Publisher: Atlantic Monthly Press
ISBN: 0802159249
Category : Architecture
Languages : en
Pages : 270
Book Description
A dual portrait of America’s first great architect, Henry Hobson Richardson, and her finest landscape designer, Frederick Law Olmsted—and their immense impact on America As the nation recovered from a cataclysmic war, two titans of design profoundly influenced how Americans came to interact with the built and natural world around them through their pioneering work in architecture and landscape design.
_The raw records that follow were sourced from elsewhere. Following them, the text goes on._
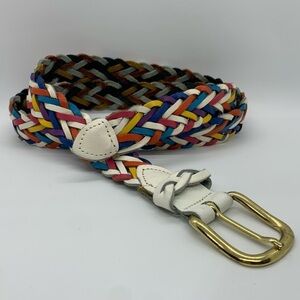 Vintage 80’s -90’s Rainbow Woven Capezio Leather Belt M/L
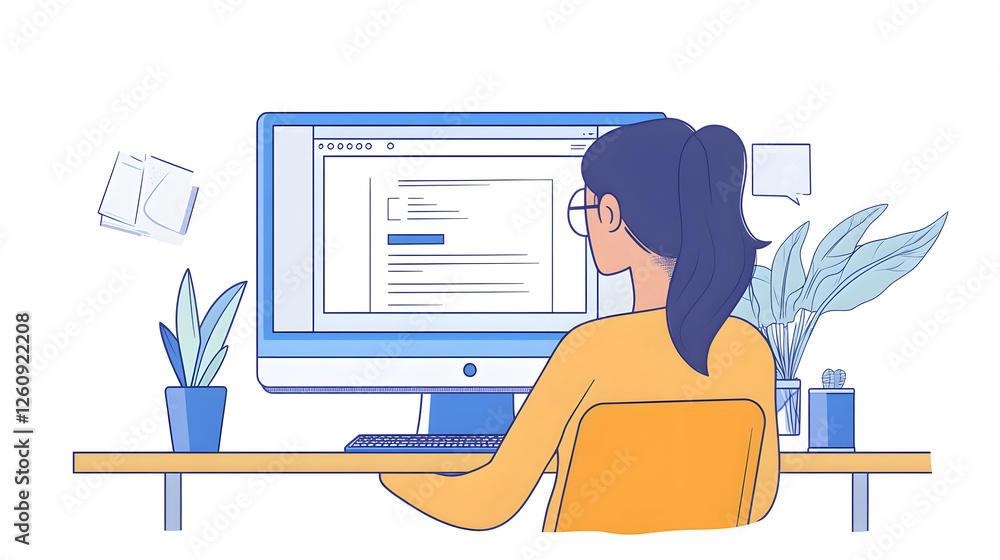 Poster young professional woman multitasking at desk with computer in modern office environment focused on 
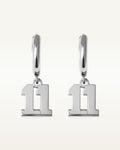 Pair Of Sports Number Huggie Earrings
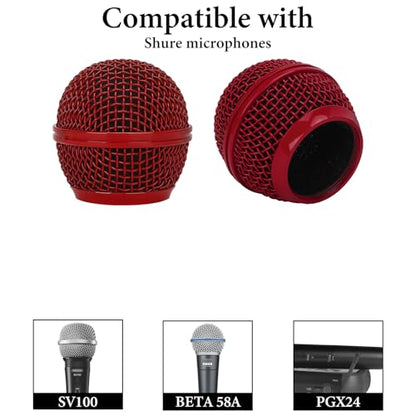 GEEKRIA for Creators Microphone Replacement Grille Compatible with Shure BETA 58A, SV100 Mic Head Cover, Microphone Ball Head Mesh Grill, Capsule Parts, Mic Replacement Parts (Red / 2 Pack) - color: Red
Frederick Law Olmsted is widely revered as America’s first and finest parkmaker and environmentalist, the force behind Manhattan’s Central Park, Brooklyn’s Prospect Park, Biltmore’s parkland in Asheville, dozens of parks across the country, and the preservation of Yosemite and Niagara Falls. Yet his close friend and sometime collaborator, Henry Hobson Richardson, has been almost entirely forgotten today, despite his outsized influence on American architecture—from Boston’s iconic Trinity Church to Chicago’s Marshall Field Wholesale Store to the Shingle Style and the wildly popular “open plan” he conceived for family homes. Individually they created much-beloved buildings and public spaces. Together they married natural landscapes with built structures in train stations and public libraries that helped drive the shift in American life from congested cities to developing suburbs across the country. The small, reserved Olmsted and the passionate, Falstaffian Richardson could not have been more different in character, but their sensibilities were closely aligned. In chronicling their intersecting lives and work in the context of the nation’s post-war renewal, Hugh Howard reveals how these two men created original all-American idioms in architecture and landscape that influence how we enjoy our public and private spaces to this day.